Data segment =
_ _ _ _ _ _ _

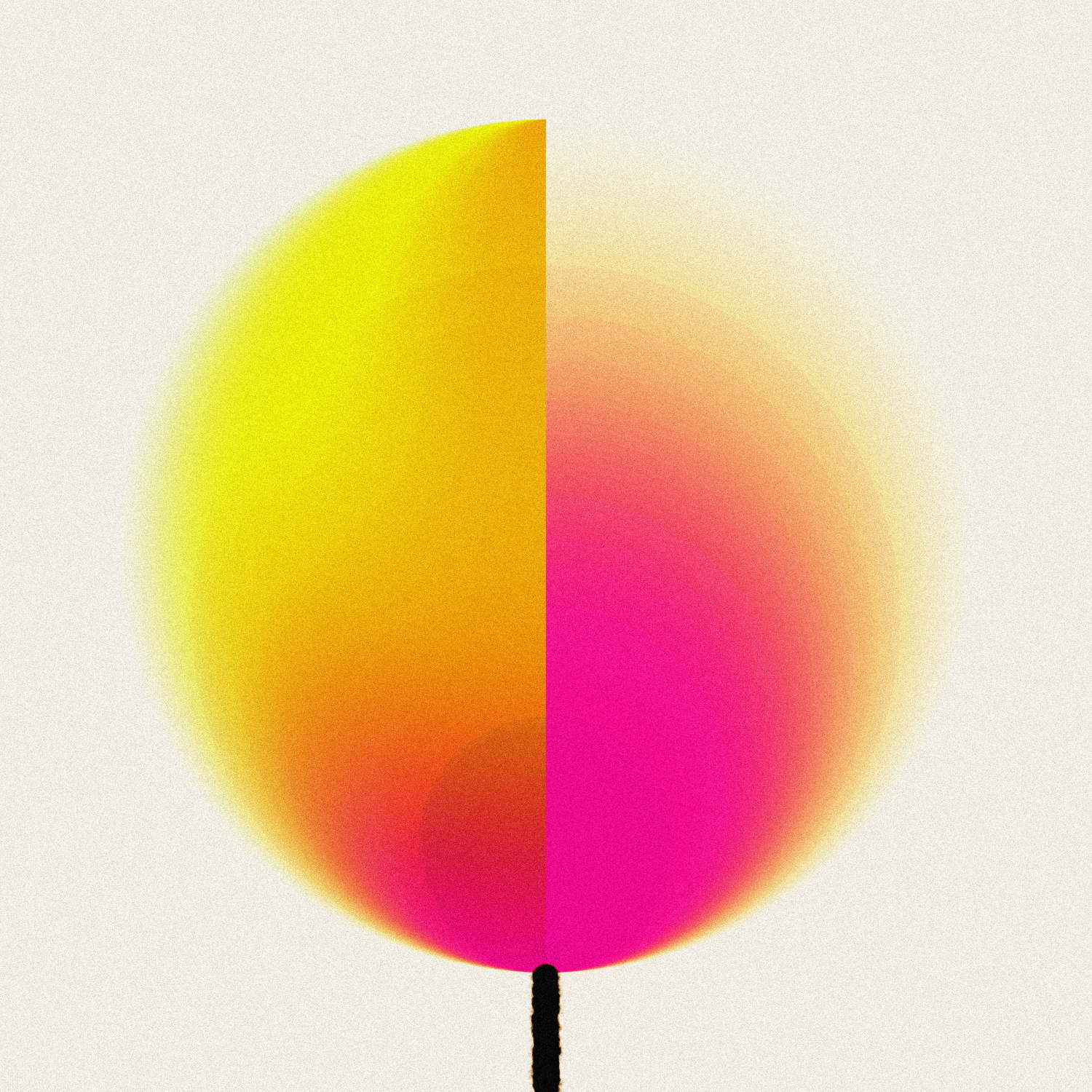 Fx(hash) Generative Birthday Candle #170 static token preview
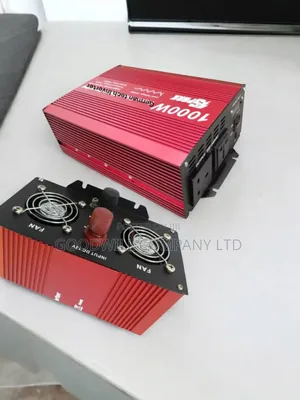 1000w Heavy Duty Power Inverter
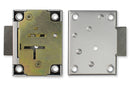 Gun Cabinet Safe Lock 7 lever 1 pair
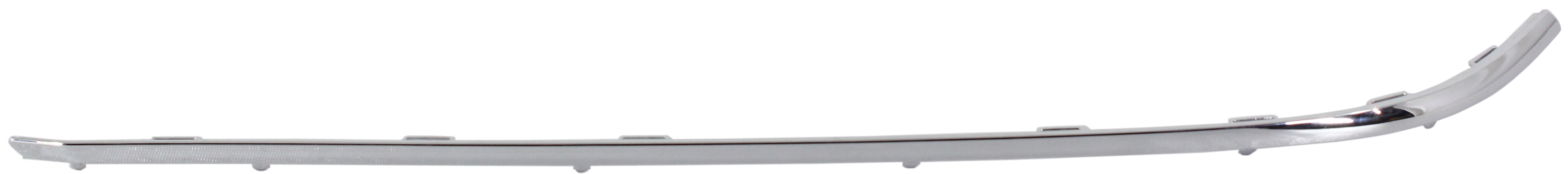 AM 7 SERIES 02-05 REAR BUMPER MOLDING LH Outer Cover SKU REPB763706 Partslink BM1146110 OEM 51127033489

_ _ _ _ _ _ _

Problem description = Leave the images aside and retype each line of the listing above exactly.

Problem solution =
 Fx(hash) Generative Birthday Candle #170 static token preview
 1000w Heavy Duty Power Inverter
 Gun Cabinet Safe Lock 7 lever 1 pair
 AM 7 SERIES 02-05 REAR BUMPER MOLDING LH Outer Cover SKU REPB763706 Partslink BM1146110 OEM 51127033489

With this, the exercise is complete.